One section of the PAMA statute sets out penalties for clinical laboratories that fail to report, or report incomplete data, or inaccurate data on the prices they were paid by private health insurers. In the first cycle of data gathering, federal officials did not assess penalties against any clinical laboratory. Will this be true during the next cycle of data-gathering? CMS has made no statement about how it may penalize labs now or in the future.

30% Cut to Medicare Fees

“Smaller community labs operate on profit margins between 5% and 10%,” noted Birenbaum. “These labs may not survive a 30% cut in Medicare fees. This is especially true of those labs serving nursing homes, for example, where the bulk of their income is from serving Medicare beneficiaries.”

When labs struggle financially, the first step they take is to reduce services. “This year, we’ve seen a number of labs cut back services to physicians and patients because of the deep reductions to Medicare test fees,” he said. “With this next round of price cuts soon to take effect on Jan. 1, 2019, we will see community labs merge or be acquired because owners cannot financially sustain their lab operations. We will also see some labs simply close their doors and walk away. Some labs did that this year.

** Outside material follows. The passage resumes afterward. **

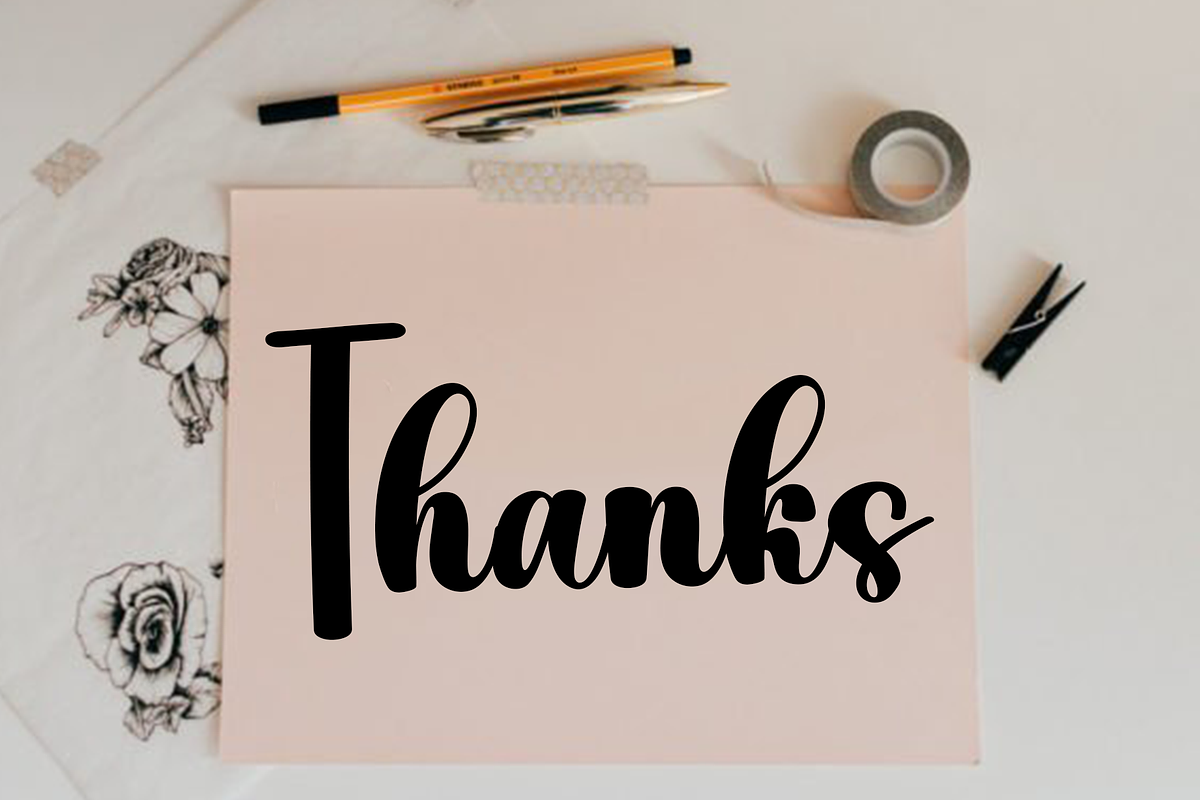 Thick Rainbow, a Handwritten Font by InermediaSTUDIO (Photo 8 of 8)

“Labs that struggle might be able to survive for one year, but following additional 10% cuts in year two and year three more labs may be unable to survive,” Birenbaum added.

Will Congress Act?

“Congress could address this situation,” he added. “NILA, with others, started a grassroots campaign to persuade members of Congress to pass a moratorium on making further cuts under PAMA. We encourage labs to join NILA on this effort.

“During the lame-duck session of Congress that is starting now, the lab associations will engage with members of Congress to get something done before Jan. 1,” he added.

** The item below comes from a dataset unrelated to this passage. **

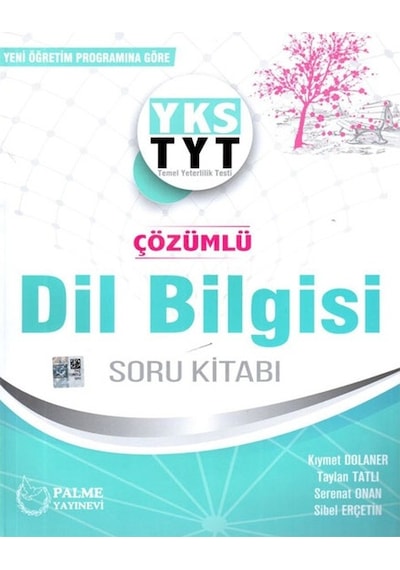 Tyt Çözümlü Dil Bilgisi Soru Bankası Palme Yay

In conclusion, Birenbaum said, NILA continues to oppose how CMS implemented PAMA. NILA says CMS should set lab test rates based on the entire clinical laboratory market, and to delay future cuts under Medicare Part B until a complete market study is performed.

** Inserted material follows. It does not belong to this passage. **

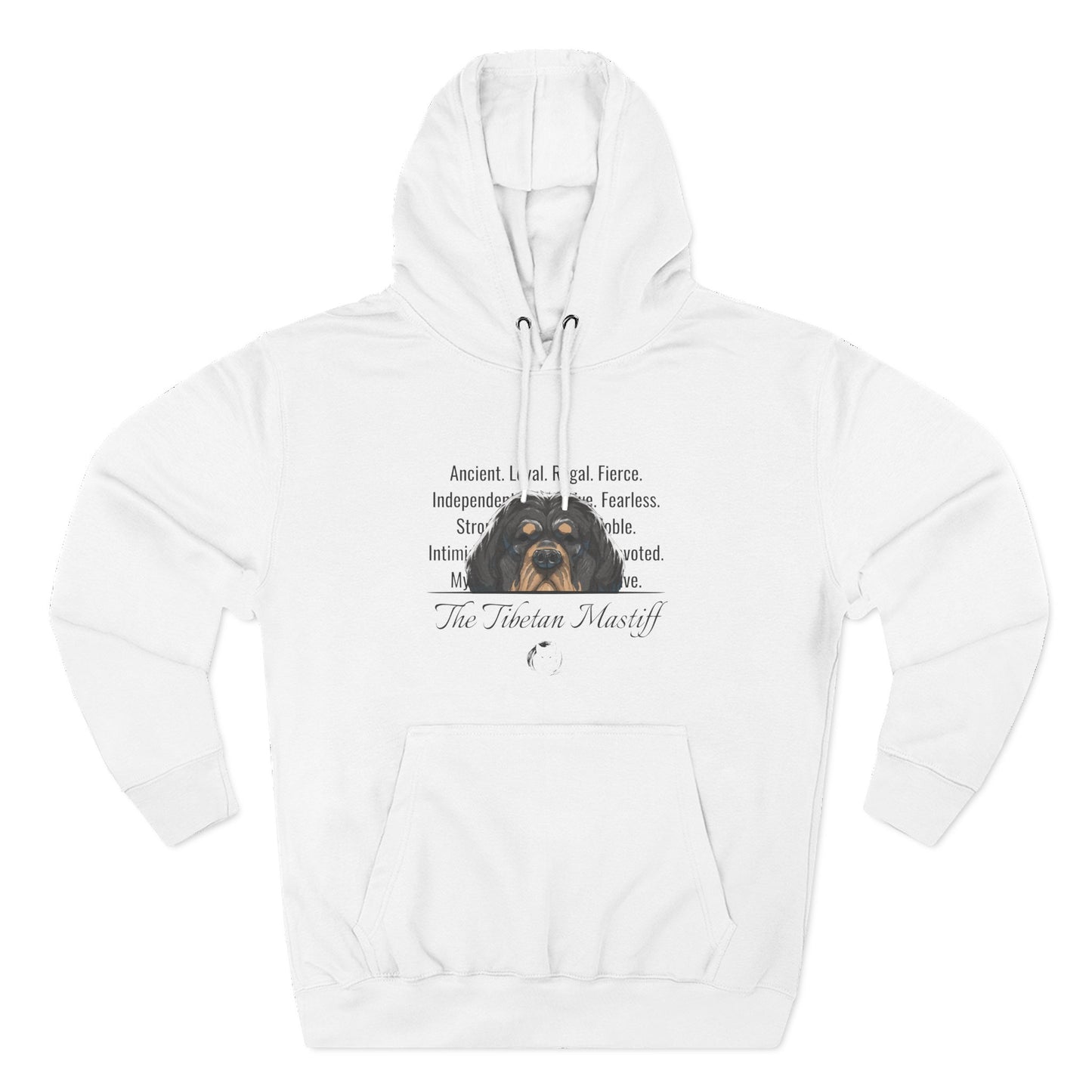Tibetan Mastiff (Traits) Hoodie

With issuance of the 2019 MPFS final rule, clinical laboratories now understand what changes CMS officials will make to how it conducts the second market study of the prices private health insurers pay for laboratory tests. However, these changes do not address or correct the problems and flaws that have been regularly identified and described by lab professionals, their attorneys, and other lab industry experts. That leaves action by Congress or success in federal court as ways the clinical lab industry could fix these problems.

Hospital Labs Face Challenge to Report Payer Lab Prices

MANY IN THE CLINICAL LAB INDUSTRY would consider it a positive development that the Centers for Medicare and Medicaid Services will require an expanded number of hospital outreach laboratories to report the lab test prices they are paid by private health insurers during the next reporting cycle.

But adding the price data from hospital outreach laboratories presents its own challenges for those organizations.

It is widely-acknowleged that most hospital laboratories have disparate software systems which are designed for a different era of healthcare, lab test ordering/reporting, and laboratory billing/coding/collections.

Following the Nov. 1 release of the final rule, lab industry consultants and experts have spoken out about the difficulties that hospital outreach labs will have to provide accurate and complete price data from private payers. This will be similarly true for many community lab companies that serve nursing homes and long-term care facilities.

Labs must report accurate and complete data in a timely manner to CMS. Failure to do so can subject the lab to substantial penalties, defined in the Protecting Access to Medicare Act as up to $10,000 per day for a laboratory that fails to report, or has misrepresentations or omissions in the data it submits to CMS.

For labs required to report this data, lab billing consultants advise keeping source documents, logs, and other information to support how they gathered their private payer price data.

It may be a positive development for the clinical lab industry that more hospital outreach labs are now applicable labs for PAMA private payer price data reporting. But such reporting creates new risks for those same hospital labs.